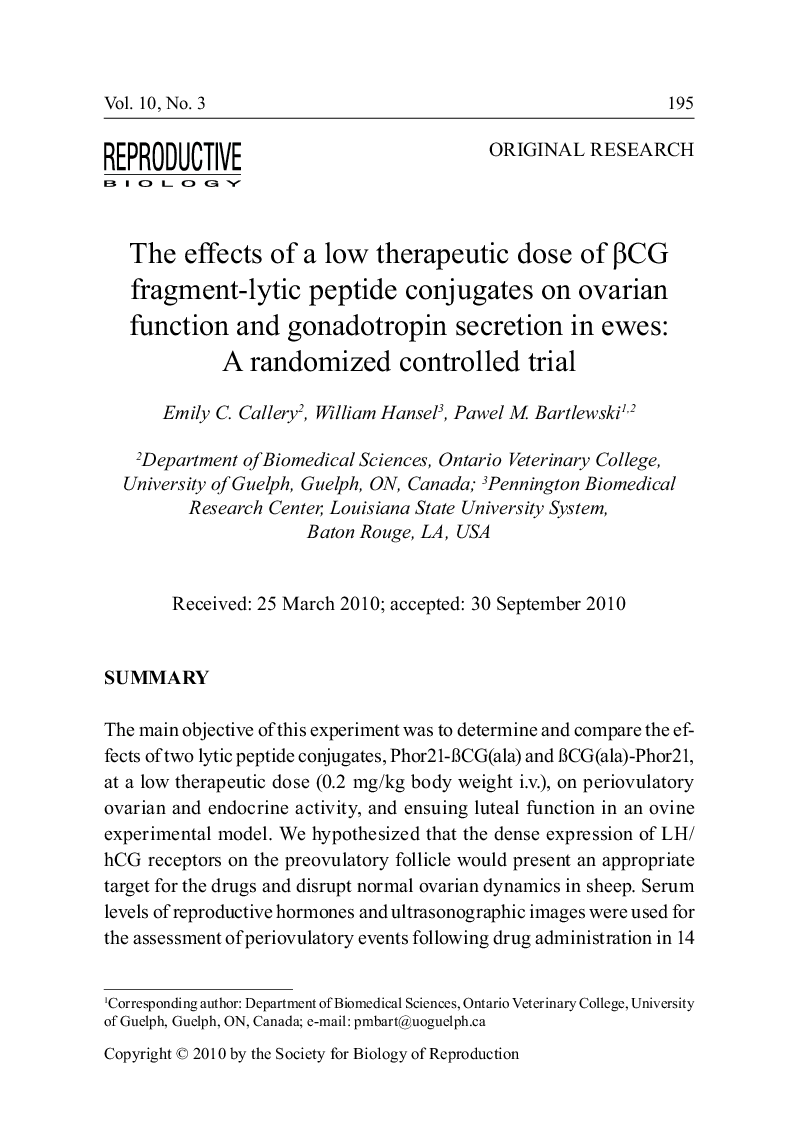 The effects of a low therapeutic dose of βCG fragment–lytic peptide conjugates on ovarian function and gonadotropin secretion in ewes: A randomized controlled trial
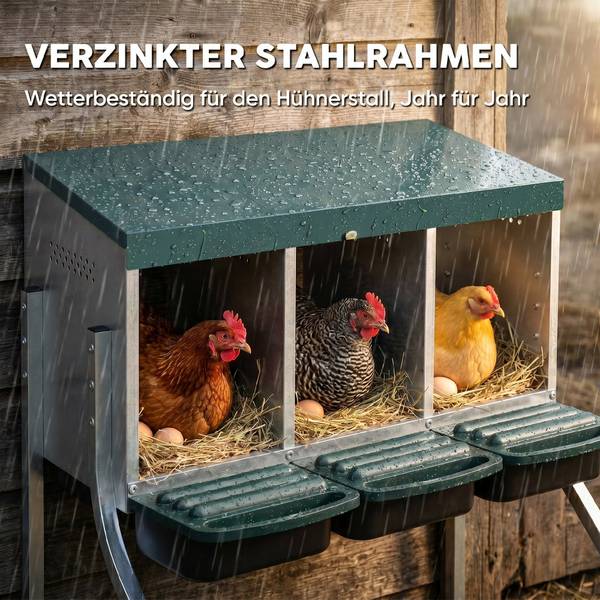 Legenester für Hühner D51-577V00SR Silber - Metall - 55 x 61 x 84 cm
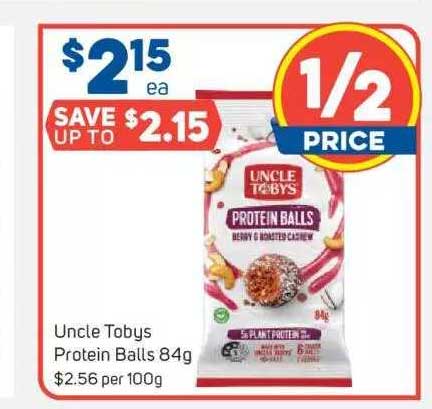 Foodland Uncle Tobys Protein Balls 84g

...

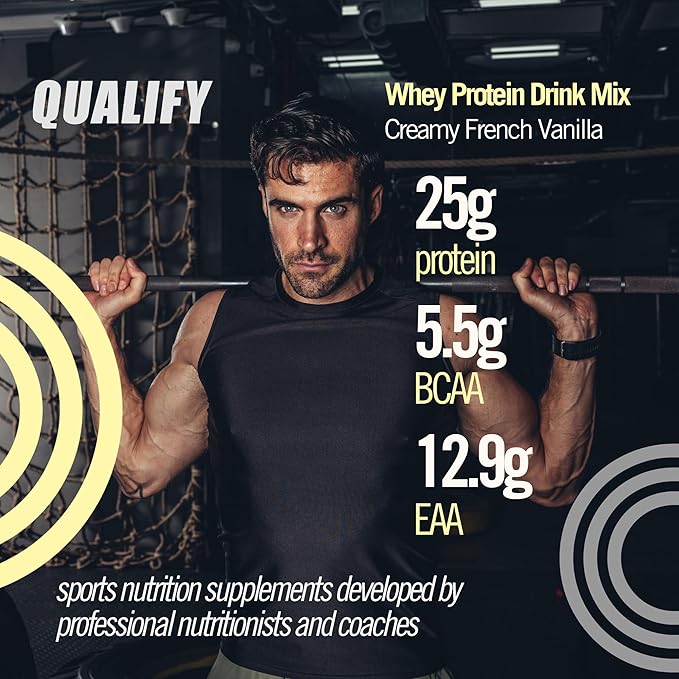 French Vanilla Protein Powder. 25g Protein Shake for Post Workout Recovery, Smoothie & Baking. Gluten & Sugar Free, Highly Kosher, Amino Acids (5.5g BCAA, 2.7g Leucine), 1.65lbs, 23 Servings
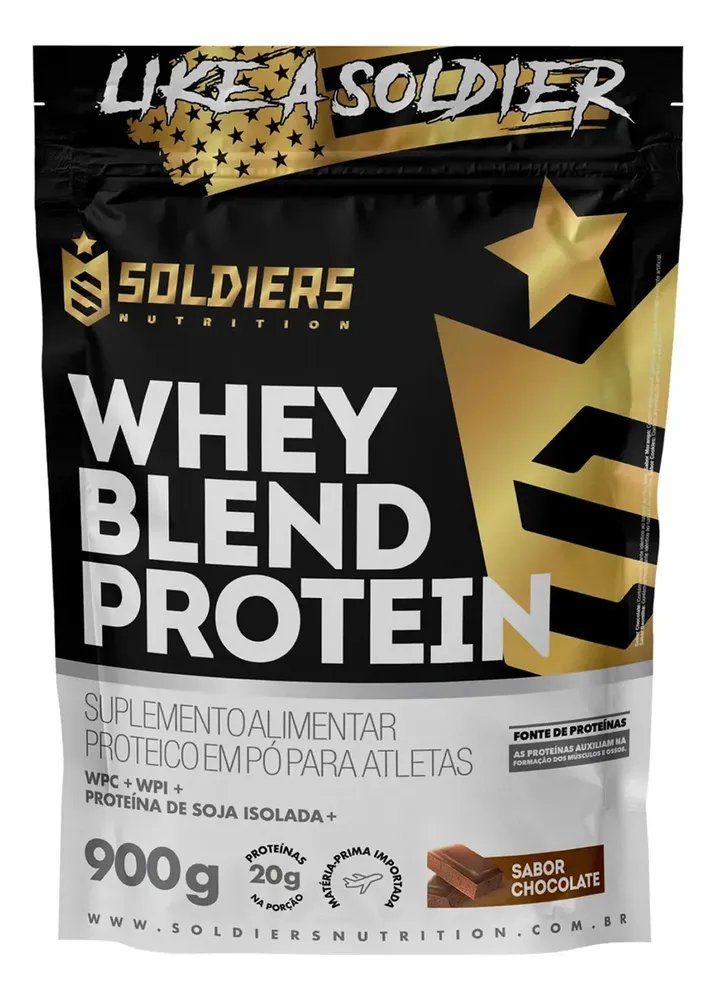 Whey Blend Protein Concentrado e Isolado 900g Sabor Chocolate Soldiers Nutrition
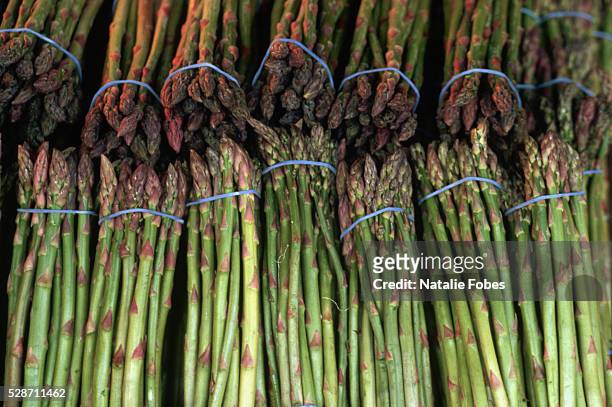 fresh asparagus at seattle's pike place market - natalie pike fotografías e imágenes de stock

Directions: Exactly reproduce the lines above, starting at the one that contains "Legenester für Hühner" and ending at the one that contains "Foodland Uncle Tobys Protein Balls 84g", both inclusive; leave the pictures out and add no other lines.

Exercise solution:
 Legenester für Hühner D51-577V00SR Silber - Metall - 55 x 61 x 84 cm
 Foodland Uncle Tobys Protein Balls 84g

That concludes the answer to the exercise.